About Us

Ian M. MacDonald MSc MD CM is a Professor in the Department of Ophthalmology and Visual Sciences, University of Alberta and recently stepped down after four terms as its Chair. From 2007-2008, he served as Branch Chief of Ophthalmic Genetics at the National Eye Institute of the NIH in Bethesda, MD. A McGill graduate in Medicine, Dr. MacDonald completed Ophthalmology residency training at the University of Ottawa and Clinical Genetics fellowship training at the University of Ottawa, Queen’s University, Kingston and the Hospital for Sick Children, Toronto. He was a Career Scientist of the Ontario Ministry of Health at the University of Ottawa prior to moving to Edmonton in 1992.

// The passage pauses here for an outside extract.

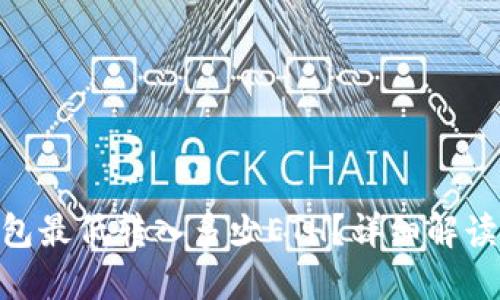 Tokenim钱包最低转入多少ETH？详细解读与实用指南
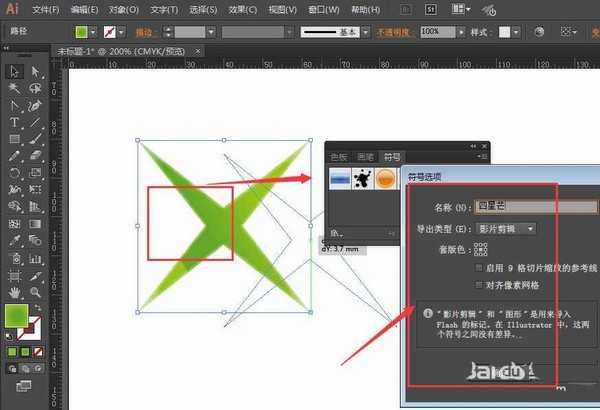 ai绘制的图形怎么添加到符号面板?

His main research interest is inherited retinal disorders, in particular, maculopathies and choroideremia. In 2009, in recognition of his work in Canada to foster the development of academic ophthalmology, he was elected to as a Fellow of the Canadian Academy of Health Sciences.

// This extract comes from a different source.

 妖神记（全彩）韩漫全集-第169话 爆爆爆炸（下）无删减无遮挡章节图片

Research Support: Alberta Innovates-Health Solutions; Choroideremia Research Foundation, Canada Inc.; Foundation Fighting Blindness, Canada; Canadian Institutes for Health Research, Canadian Foundation for Innovation

References:

MacDonald IM, Moen C, Duncan JL, Tsang SH, Cehajic-Kapetanovic J, Aleman TS. Perspectives on Gene Therapy: Choroideremia Represents a Challenging Model for the Treatment of Other Inherited Retinal Degenerations. Trans Vis Sci Tech. 2020;9(3):17.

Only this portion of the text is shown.